I am just learning OpenMPI. Tried a simple MPI_Scatter example:
#include <mpi.h>
using namespace std;
int main() {
int numProcs, rank;
MPI_Init(NULL, NULL);
MPI_Comm_size(MPI_COMM_WORLD, &numProcs);
MPI_Comm_rank(MPI_COMM_WORLD, &rank);
int* data;
int num;
data = new int[5];
data[0] = 0;
data[1] = 1;
data[2] = 2;
data[3] = 3;
data[4] = 4;
MPI_Scatter(data, 5, MPI_INT, &num, 5, MPI_INT, 0, MPI_COMM_WORLD);
cout << rank << " recieved " << num << endl;
MPI_Finalize();
return 0;
}
But it didn't work as expected ...
I was expecting something like
0 received 0
1 received 1
2 received 2 ...
But what I got was
32609 received
1761637486 received
1 received
33 received
1601007716 received
Whats with the weird ranks? Seems to be something to do with my scatter? Also, why is the sendcount and recvcount the same? At first I thought since I'm scattering 5 elements to 5 processors, each will get 1? So I should be using:
MPI_Scatter(data, 5, MPI_INT, &num, 1, MPI_INT, 0, MPI_COMM_WORLD);
But this gives an error:
[JM:2861] *** An error occurred in MPI_Scatter
[JM:2861] *** on communicator MPI_COMM_WORLD
[JM:2861] *** MPI_ERR_TRUNCATE: message truncated
[JM:2861] *** MPI_ERRORS_ARE_FATAL: your MPI job will now abort
I am wondering though, why doing I need to differentiate between root and child processes? Seems like in this case, the source/root will also get a copy?

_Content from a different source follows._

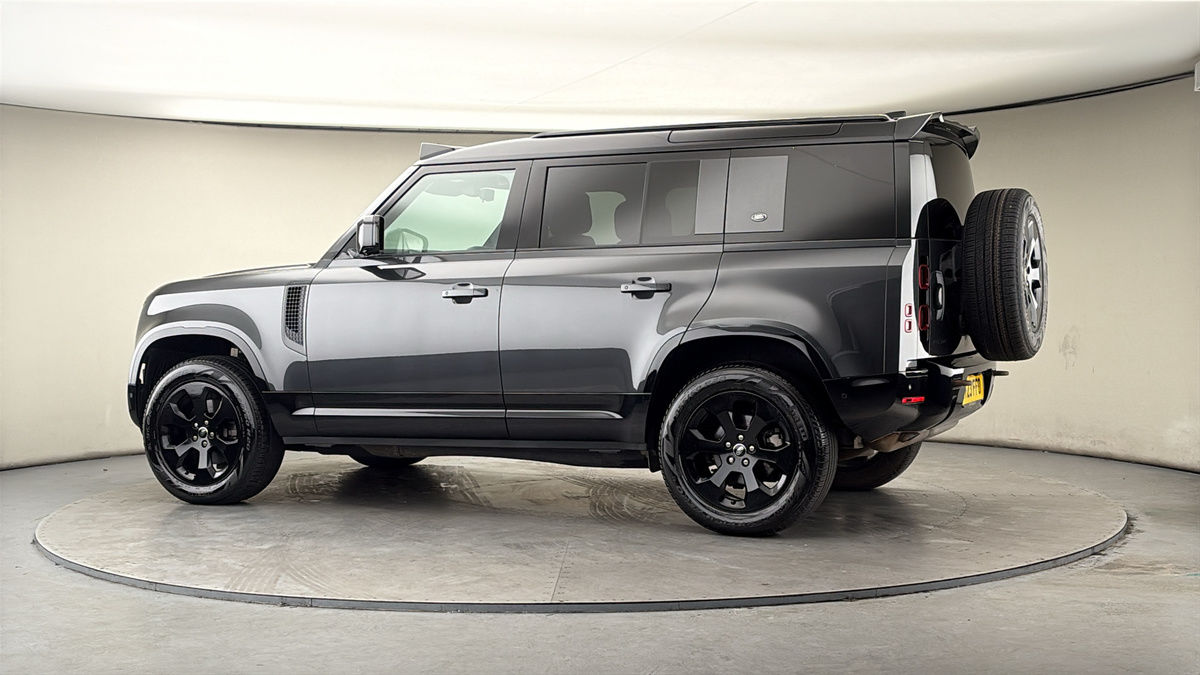 Used Land Rover Defender 2023 for sale - 78018072: Photo 29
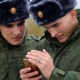 Путин запретил военным пользоваться смартфонами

Another thing is will other processes run scatter too? Probably not, but why? I thought all processes will run this code since its not in the typical if I see in MPI programs?
if (rank == xxx) {
UPDATE
I noticed to run, send and receive buffer must be of same length ... and the data should be declared like:
int data[5][5] = { {0}, {5}, {10}, {3}, {4} };
Notice the columns is declared as length 5 but I only initialized 1 value? What is actually happening here? Is this code correct? Suppose I only want each process to receive 1 value only.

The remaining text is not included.